### Required action
Below are some records. Set down exactly the line holding "01-200545123: Philips shaver" and every later line through the end, omitting the pictures.
Data section Block Start
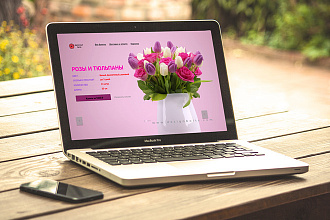 Уникальный дизайн Landing page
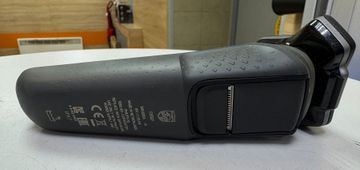 01-200545123: Philips shaver series 5000 s5587/10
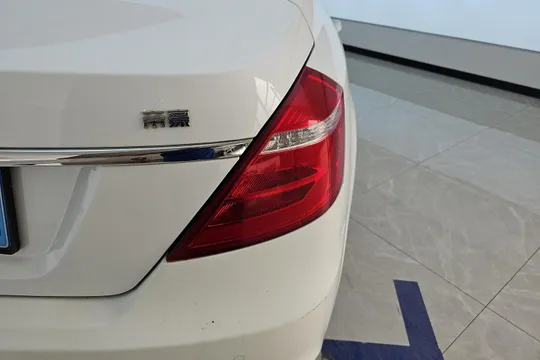 Geely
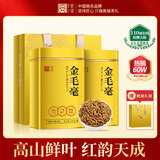 首宴茶叶红茶金毫2026新茶特级英红九号500g茶叶礼盒装送长辈领导礼品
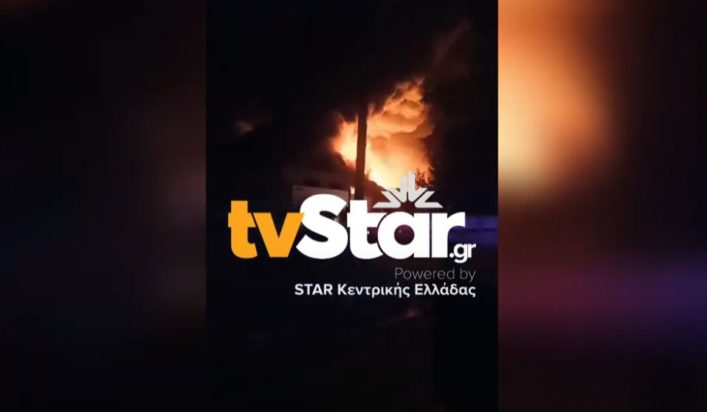 εργοστάσιο Λαμία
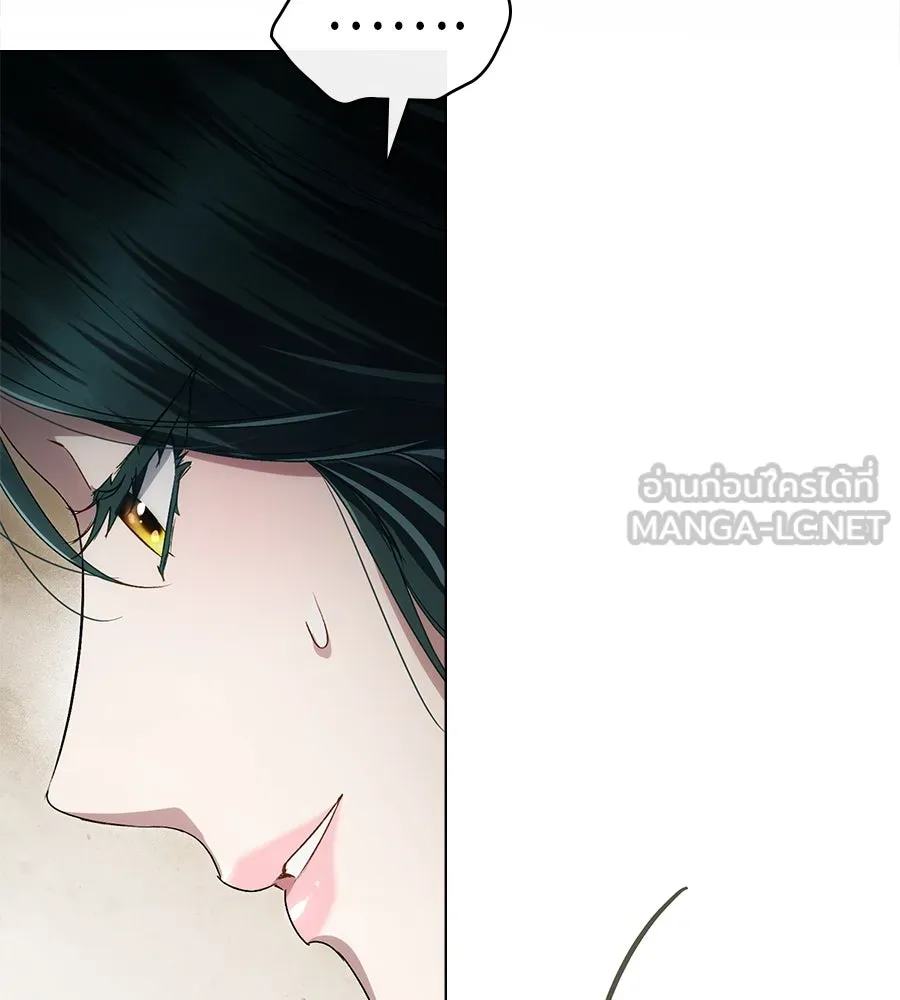 เล่ห์รักชนชั้นสูง ตอนที่ 62 รูปที่ 66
Data section Block End
### Task output
 01-200545123: Philips shaver series 5000 s5587/10
 Geely
 首宴茶叶红茶金毫2026新茶特级英红九号500g茶叶礼盒装送长辈领导礼品
 εργοστάσιο Λαμία
 เล่ห์รักชนชั้นสูง ตอนที่ 62 รูปที่ 66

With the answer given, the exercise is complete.